=== Data to examine ===

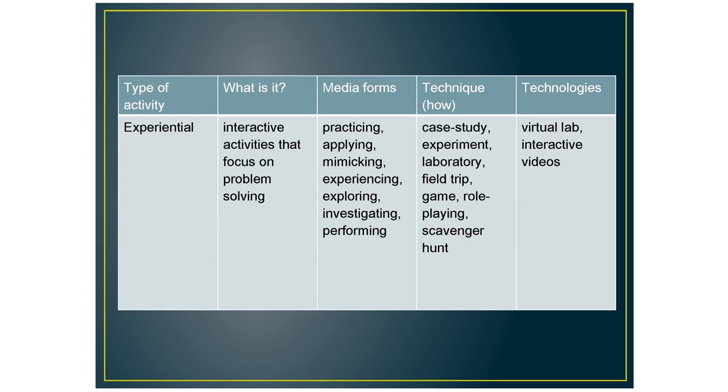The last type of activity is experiential. And these are interactive activities that focus on problem solving. So with this, your learners will be practicing and applying what they have learned. So you can do case studies or experiments and laboratory experiments in a virtual lab or interactive videos.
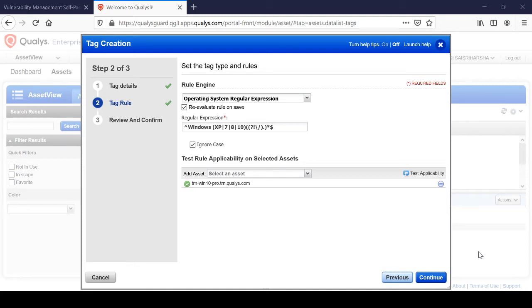In this video we'll continue the asset inventory tagging. In the last video I showed you adding tags to the parent field and creating two tags — Windows and Linux — for the child tags of the parent tag.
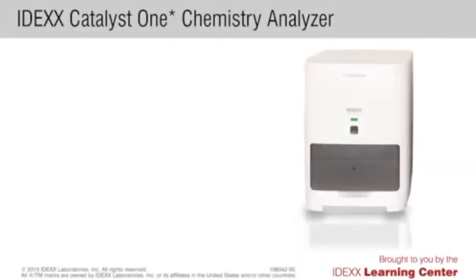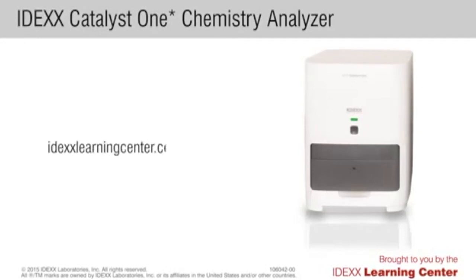For more information on Catalyst 1 General Workflows, go to idexlearningcenter.com/Catalyst1.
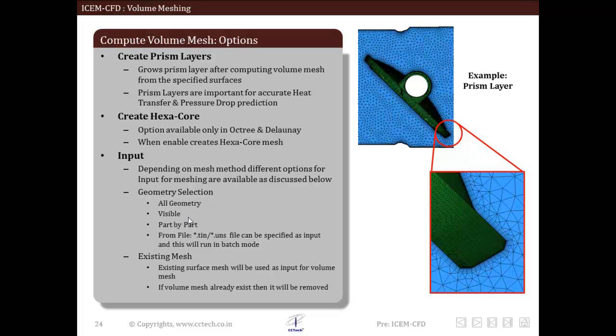Use existing mesh parts option allows user to select mesh parts which are to be selected as input for volume mesh.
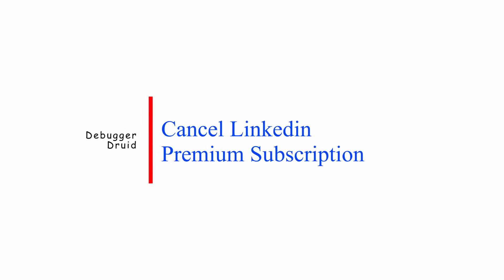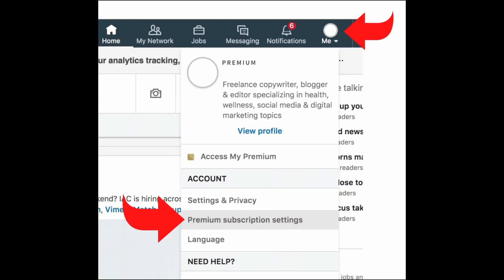How to Cancel LinkedIn Premium Subscription. To cancel your LinkedIn Premium Subscription, follow these steps. Firstly, log in or sign up to your account. Open your web browser and go to LinkedIn website. Enter your email and password then click sign in.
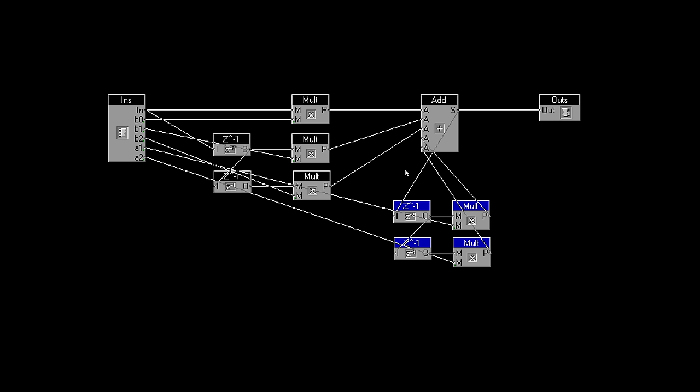And that's it. This setup can do 12 dB per octave, with low or high pass filters with resonance, band pass and notch filters, shelving filters with slope controls, or fully parametric bell EQ bands.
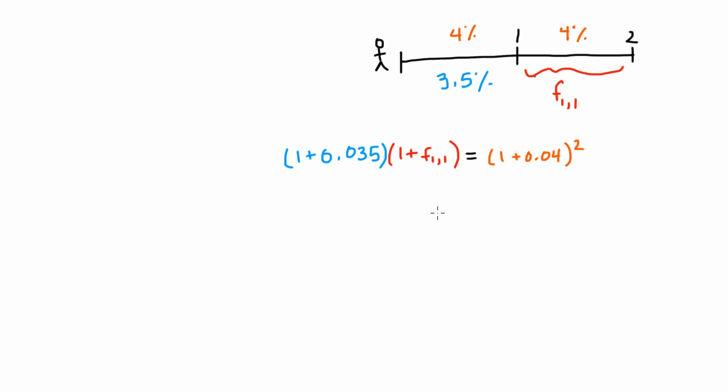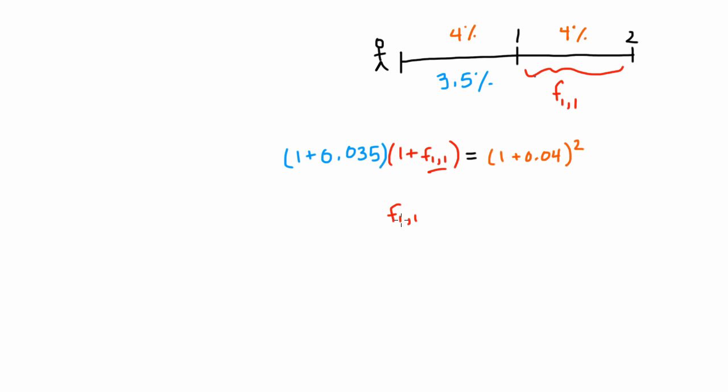So after this point, it's just a little bit of algebra to figure out what the F11 will be. What we expect interest rates for a one year bond to be that starts in one year. And it turns out that standing here today, we expect the interest rate over this time period to be equal to 4.5%.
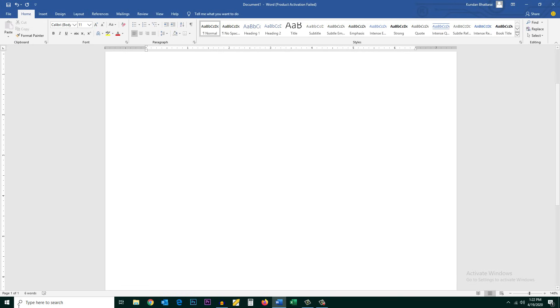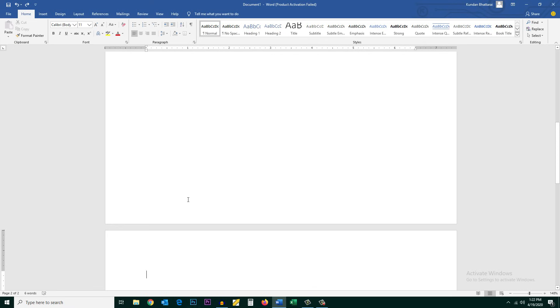If you see here now there is page one of one. That means there is single page only. Now let me show you the second way.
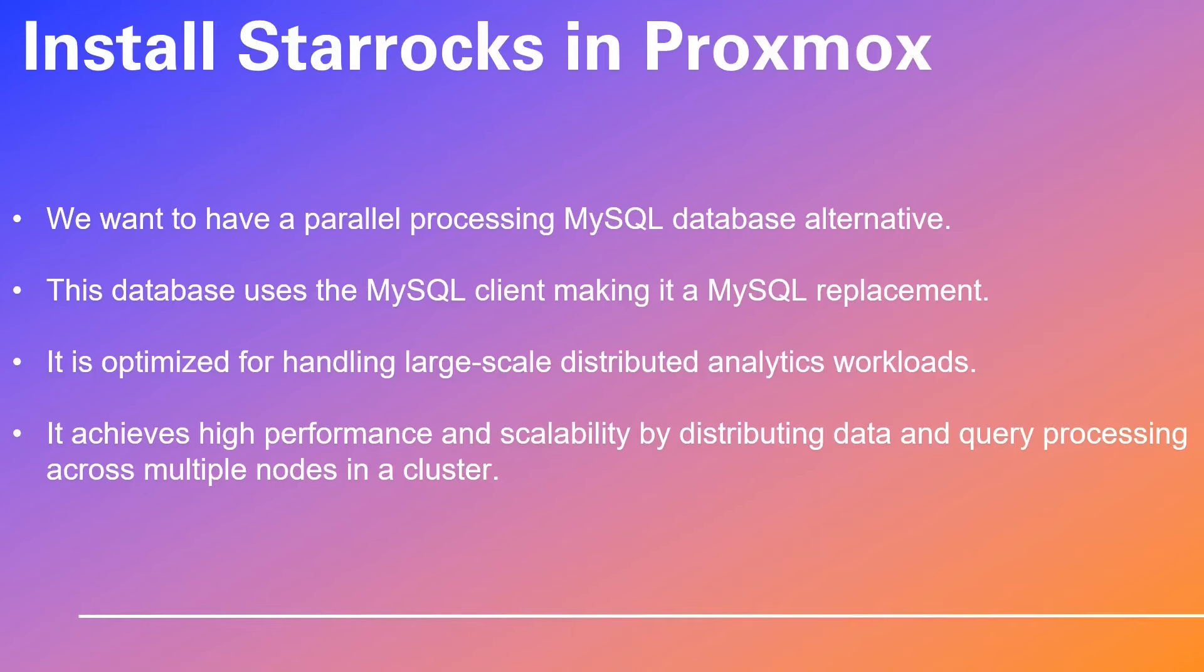Get ready to embark on an extraordinary journey exploring the world of Docker containers. To install in your Proxmox server, we want to have a parallel processing MySQL database alternative.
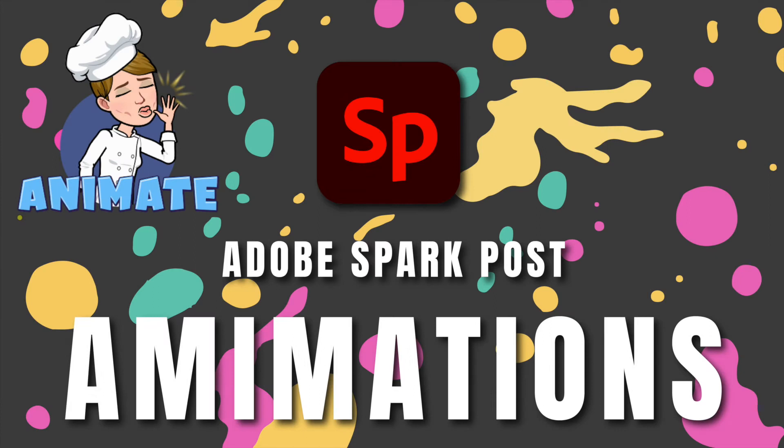Welcome to Tech Tutorials. Today, let's go over how to do animations in Adobe Spark Post.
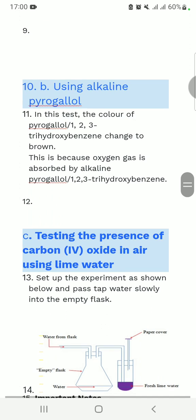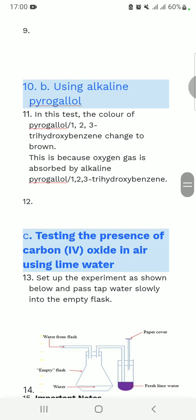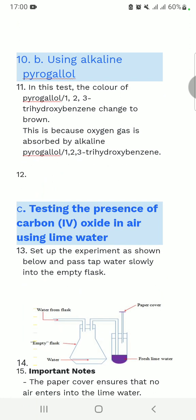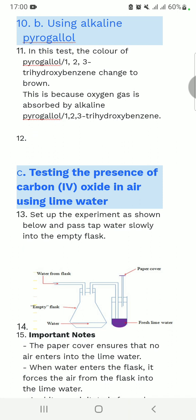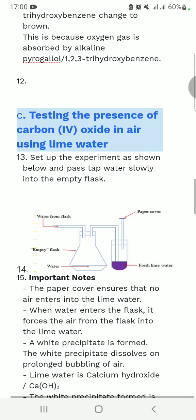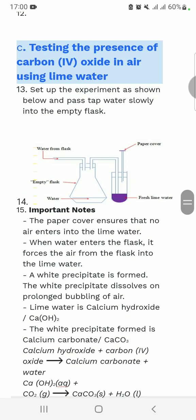We are going to use alkaline pyrogallol. The color of pyrogallol changes to brown because oxygen gas is absorbed by alkaline pyrogallol. Now, testing the presence of carbon dioxide and its effect on lime water.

===

● **Work instruction**:
Your task is to reproduce exactly the lines from the start of the data above through the line containing "For more information", leaving every picture out.

● **Answer space**:
The last type of activity is experiential. And these are interactive activities that focus on problem solving. So with this, your learners will be practicing and applying what they have learned. So you can do case studies or experiments and laboratory experiments in a virtual lab or interactive videos.
In this video we'll continue the asset inventory tagging. In the last video I showed you adding tags to the parent field and creating two tags — Windows and Linux — for the child tags of the parent tag.
For more information on Catalyst 1 General Workflows, go to idexlearningcenter.com/Catalyst1.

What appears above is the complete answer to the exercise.